Il y a quelque chose de profondément juste dans le terme de « vie domestique » : il s’agit effectivement de domestiquer la vie. Car la vie est une bête sauvage, elle vous saute à la gorge à tout moment. Les dettes, le désordre, le stress, les vêtements, l’intendance, les grippes, la literie, les voyages, les moustiques, le téléphone, les voitures, les assurances, le travail, la famille, les visiteurs, les médecins, la pharmacie, les autoroutes, les démarcheurs, le calendrier, les fêtes, les PV, les avions, les grèves, les impôts, les taxes, la canicule, les ascenseurs en panne, la police, le bruit, l’argent, l’argent, sont à la vie de l’esprit ce que les fourmis rouges sont au voyageur égaré : ils la mangent.
Quel gain de temps et d’esprit quand chaque élément trouve sa place fixe : les passeports comme les serviettes de bain ; le temps de la douche et des corvées comme les réserves de papier-toilettes ou les oreillers de rechange pour les invités. Il faut pouvoir mettre la main, sans faire de fouilles, sur une facture de l’année dernière ou sur un adaptateur pour prises suisses. Il faut que les codes d’accès aux abonnements et aux comptes soient cohérents et se retiennent une fois pour toutes. Que les clés aient des anneaux qui les distinguent les unes des autres, quand on a beaucoup de portes et une seule tête à sa disposition.
Le système de rangement doit être si évident et si léger qu’une fois établi, il se gère sans réfléchir. De même que chacun a un tiroir avec des alcôves pour séparer les fourchettes des couteaux et ne s’interroge pas à tout bout de champ sur la place de ses couverts, de même, le mode d’emploi d’un appareil complexe, les ampoules neuves, les cartouches d’encre se prennent, ne se cherchent pas. On échappe du même coup à la maniaquerie : on a composé l’ordres des choses, on n’a plus qu’à les utiliser.
Bien entendu, ce dispositif général ne peut pas être transmis, il doit être conçu de A à Z par ses utilisateurs.
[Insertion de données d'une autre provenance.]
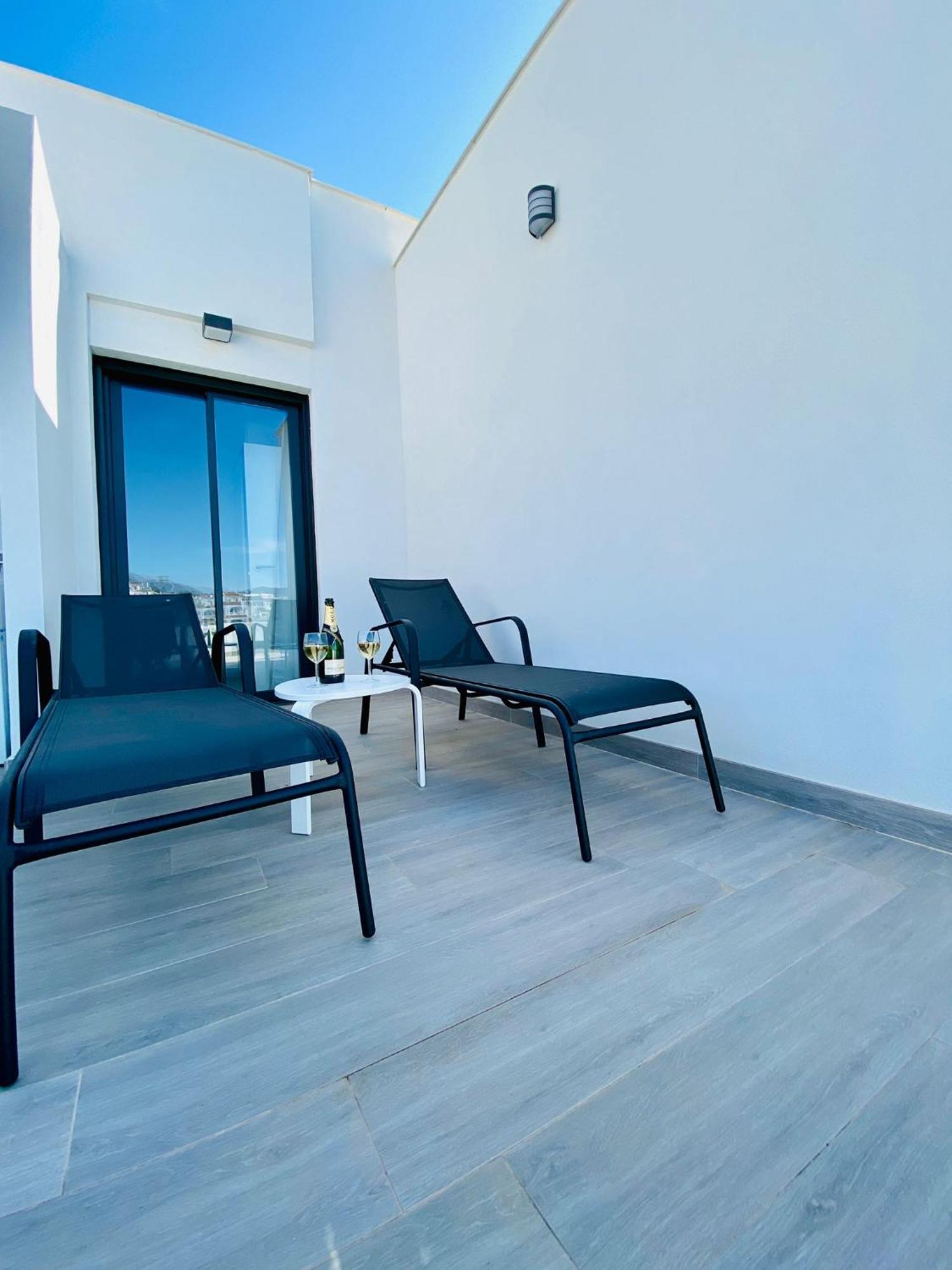 Royal Palm 22 Luxurious 3 Bedroom Penthouse Apartment *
Dans un nouveau logement, tout est à reprendre à zéro. Les rangements d’autrui sont toujours incompréhensibles. Ainsi cette modélisation ne concerne pas les chambres d’enfant, qui forment un territoire à part où règne un chaos naturel.
L’organisation pratique de l’espace privé dépend d’une conception d’ensemble, qui s’établit en amont : sur papier, sur place ou mentalement, ou les trois. Il ne s’agit pas seulement de répartir des objets, mais aussi des usages, des horaires, des priorités, des réflexes.
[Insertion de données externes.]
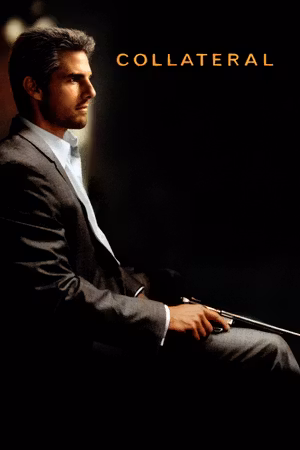 Collateral's poster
Peu à peu, les éléments les plus usuels cessent de disparaître. Clés, lunettes, téléphone, montre, portefeuille, pass navigo, que j’étais sans arrêt contraint de remplacer, après des explorations vaines aux quatre coins du logis, attendent sagement, sur le plateau où je les ai posés, le moment de servir.
Par goût j’ai peu de meubles et de bibelots, mais ça ne change rien, car ce ne sont ni les meubles ni les bibelots qui se cachent constamment, mais les objets usuels et les documents indispensables.
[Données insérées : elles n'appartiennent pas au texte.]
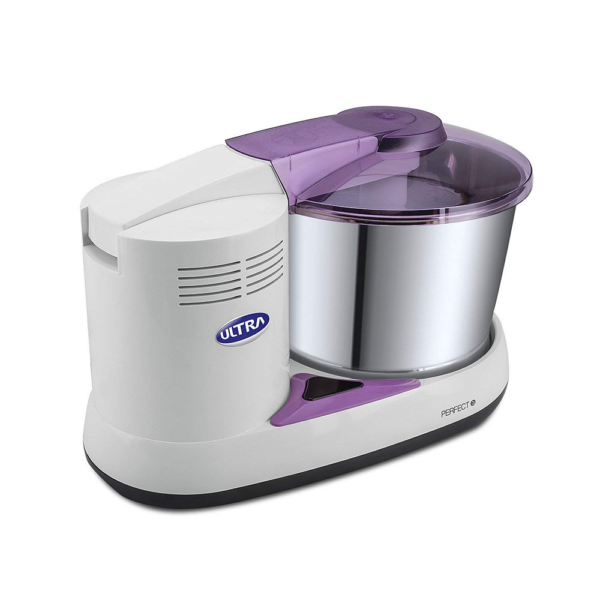 Elgi Ultra Perfect S 2-Litre Wet Grinder - Image 2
J’ai beau savoir que je ne suis jamais resté longtemps dans le même lieu, que les villes cessent vite de me plaire, que les maisons sont des terriers interchangeables, je prends à chaque aménagement les dix jours nécessaires pour organiser ce nouveau lieu de vie. Le reste suit sans hésitation.
La finalité de la gestion domestique intégrée, c’est de rendre un service continu et comme automatique. Son mode d’emploi est de se faire oublier.